A new dimension to the imperative of improving research capability in the crop sector is indicated by the possibility of declining yields per acre related with global warming. According to Qureshi, Ata and Iglesias, given the sensitivity of wheat seed to temperature increase, even a 2-degree centigrade increase in average summer temperatures could mean an absolute yield decline of between 10 to 16 percent during the 21st century. With a 2.8 percent population growth, even a decline of 5 percent in yield per acre associated with global warming, could mean serious food deficits for Pakistan. It is, therefore, necessary to develop heat resistant varieties of food grains.

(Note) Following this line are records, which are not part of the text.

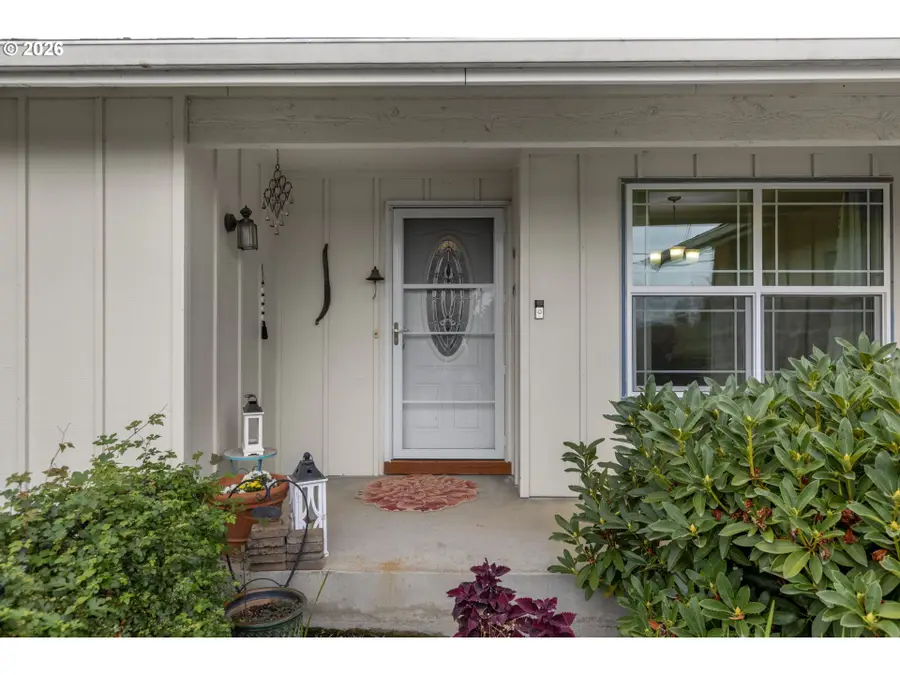 1910 Hawkins Ln, Eugene, OR 97405 - #2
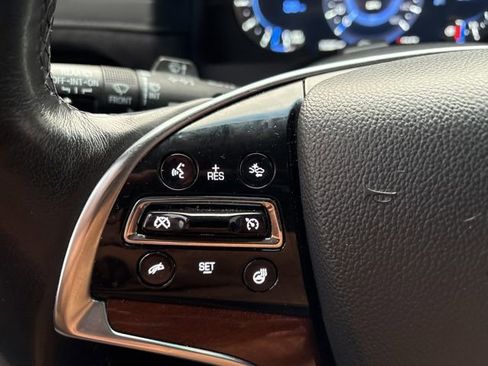 Used 2019 Cadillac Escalade Premium Luxury image 20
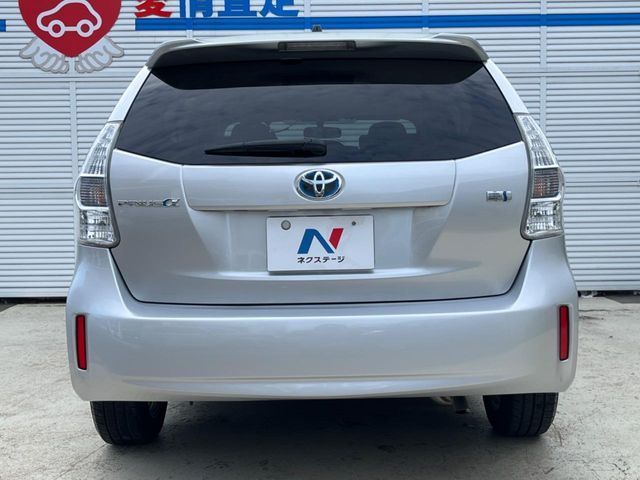 TOYOTA PRIUS ALPHA 2012 Image 31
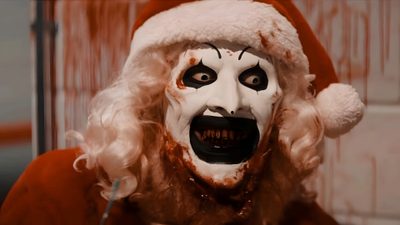 a creepy clown wearing a santa claus hat Halloween Terrifier Jason Patric, Film Horror, Slasher Film, After Movie, Runner's World, sienna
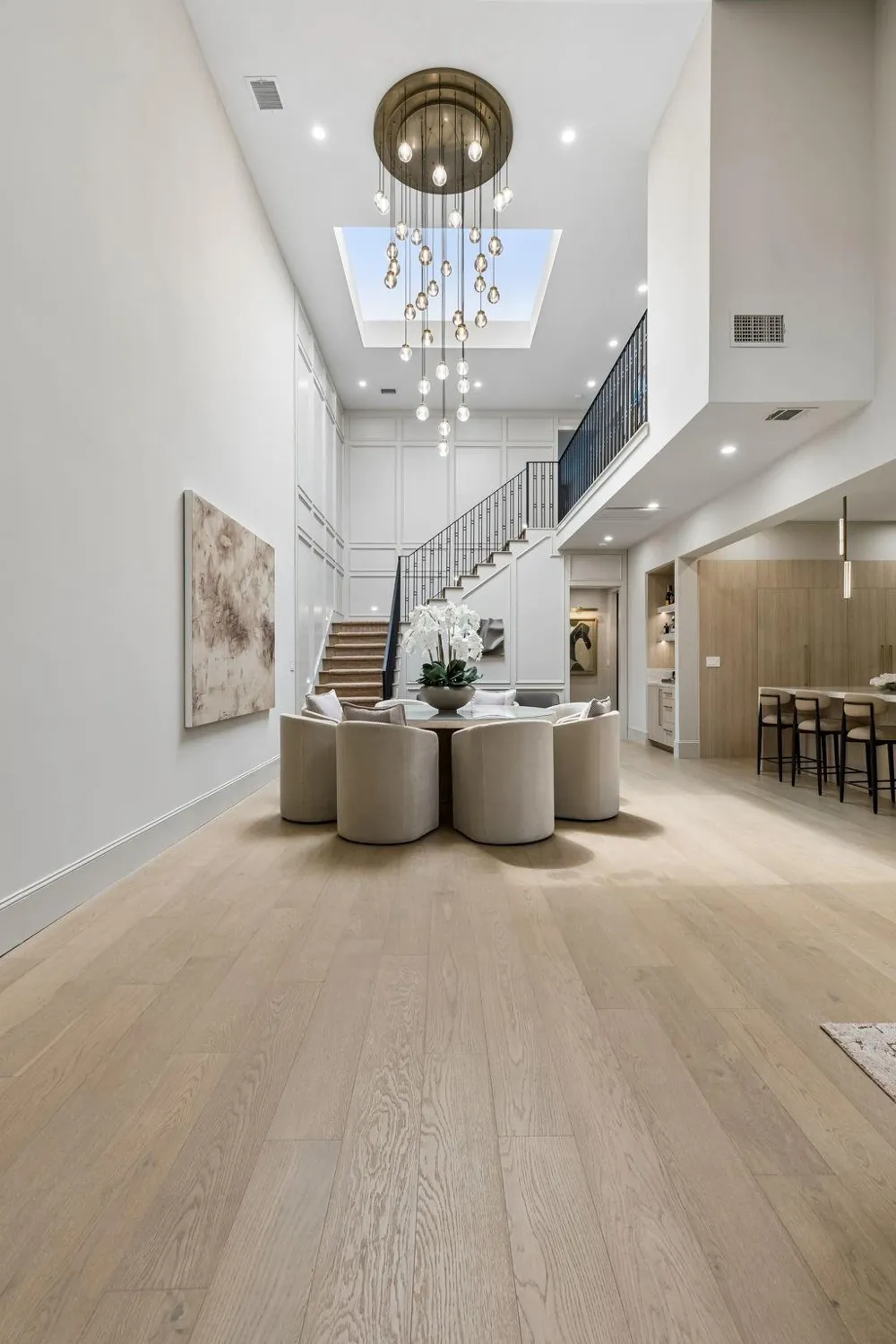 10 S Briar Hollow Lane #15 Houston, TX 77027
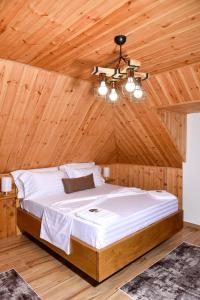 Rúm í herbergi á Hotel Zallina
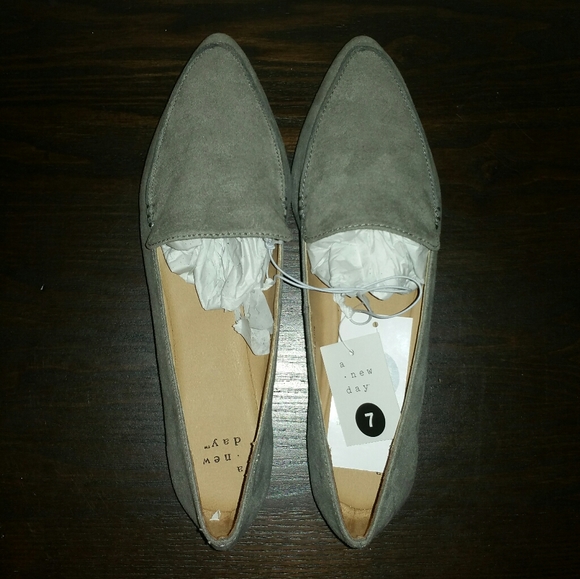 ●SOLD● NWT Women's A New Day Micah Slip On Loafer Shoes with Memory Foam - Grey - Picture 3 of 6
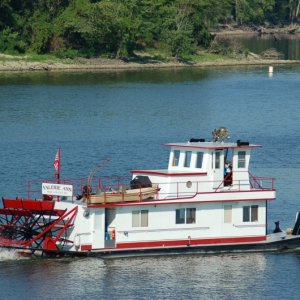 (Minnie Swann)Home design and built paddelwheel pushboat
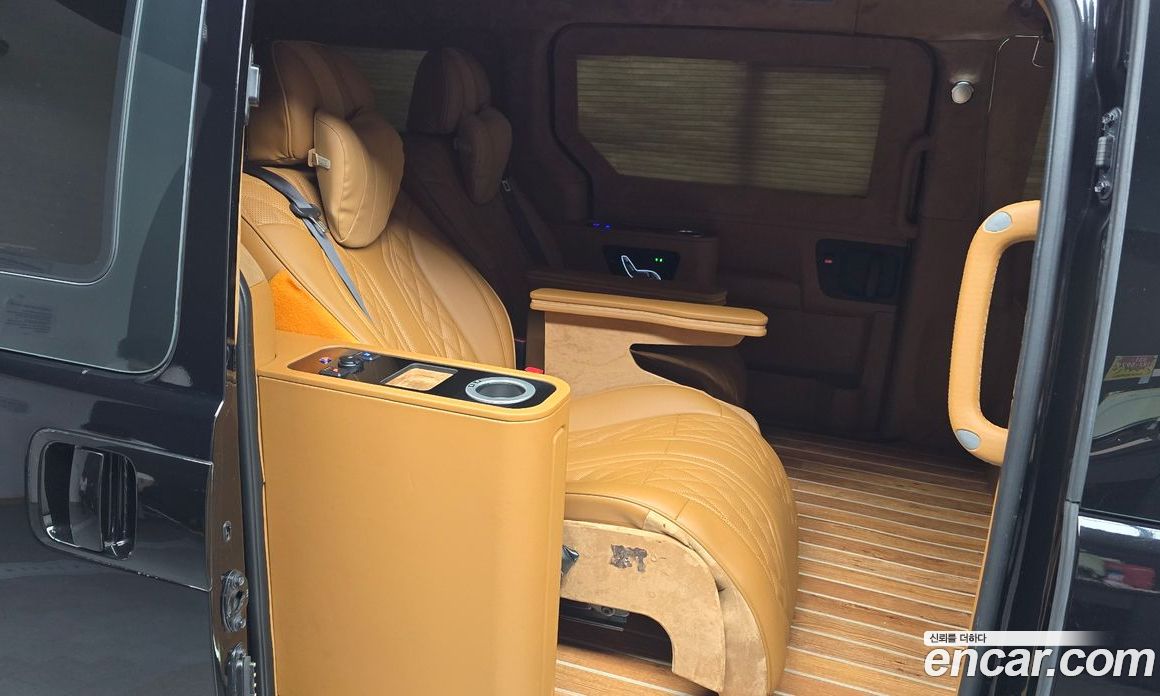 Hyundai Starex Limousine (Special)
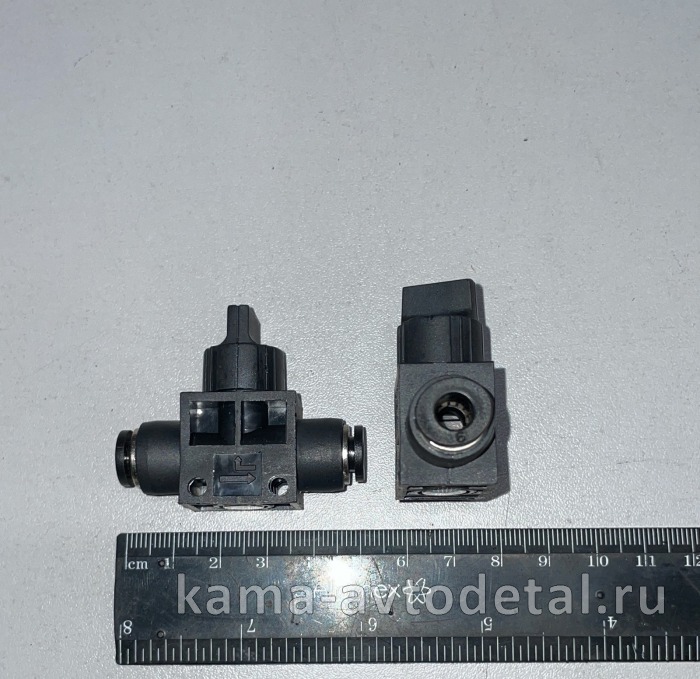 фитинг Пластмасс. Прямой Д 6 с краном 0041 фитинг Пластмасс. Прямой Д 6 с краном 0041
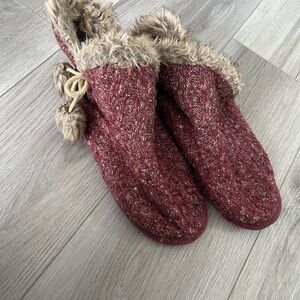 Cozy Fuzzy-Lined Knit Slipper Boots in Burgundy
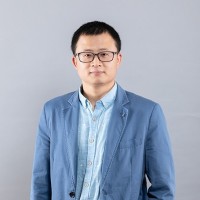 刘怀伟 照片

The current ineffectiveness of agriculture research and poor diffusion amongst farmers is a cause for concern. This is particularly so in a situation where future agriculture growth and labour absorption will have to depend more on input efficiency than on enlargement of irrigated acreage and input intensification which were the major sources of agriculture growth in the past.

The following issues may be identified for research and subsequent diffusion:

i) Development of (a) new heat resistant varieties of wheat, (b) short duration and late sowing varieties of wheat to enable multiple cropping, (c) heat resistant, pest resistant, short duration and high yielding varieties of cotton, (d) development of short duration and high yielding varieties of pulses and oilseeds to fit into cropping pattern of late Rabi/late Kharif crops.

ii) Rehabilitation of agriculture in saline and water logged soils.

iii) Improvement of barani agriculture by research into designs of low-cost rainwater reservoirs and chalk dams for water-run off, for irrigation and soil conservation.

iv) Efficient harvest and post harvest handling technology for different crops.

v) Development of hybrid seeds of Maize, Sorghum, Sunflower and other crops.

On the basis of my wide ranging consultations with farmers in the Punjab and Frontier provinces as well as officials concerned with agriculture research during the last two years, it can be proposed that for more effective research and its diffusion amongst farmers it may be necessary to take the following initiatives:

i) Restructure the existing institutional framework for seed development in particular and agriculture research in general to (a) bring greater professionalism, (b) improve monitoring and evaluation of research work.

ii) Focus research on improving input productivity at the region specific level. In this context the outcomes of controlled experiments at research institutes need to be tailored to the specific needs and conditions of farms in the region.

iii) Maintain regular interaction between research workers and farmers in the field by establishing an institutional linkage between research and village level institutions for diffusion of such research. Village level community organizations of farmers for participatory development have demonstrated the ability for a fruitful dialogue with research and extension institutions in the government and non-governmental sector.

Such interactions amongst farmers and agricultural researchers could redirect research to the specific needs and conditions of farmers and also enable a more rapid adoption of improved seeds and agricultural practices. Support organizations such as the PRSP in the Punjab (during August to October 1998), and AKRSP in the northern areas (during the early 1990s) have demonstrated an ability for facilitating the adoption of new knowledge and agricultural practices, particularly in cases where such adoption requires training and credit to farmers at the village level.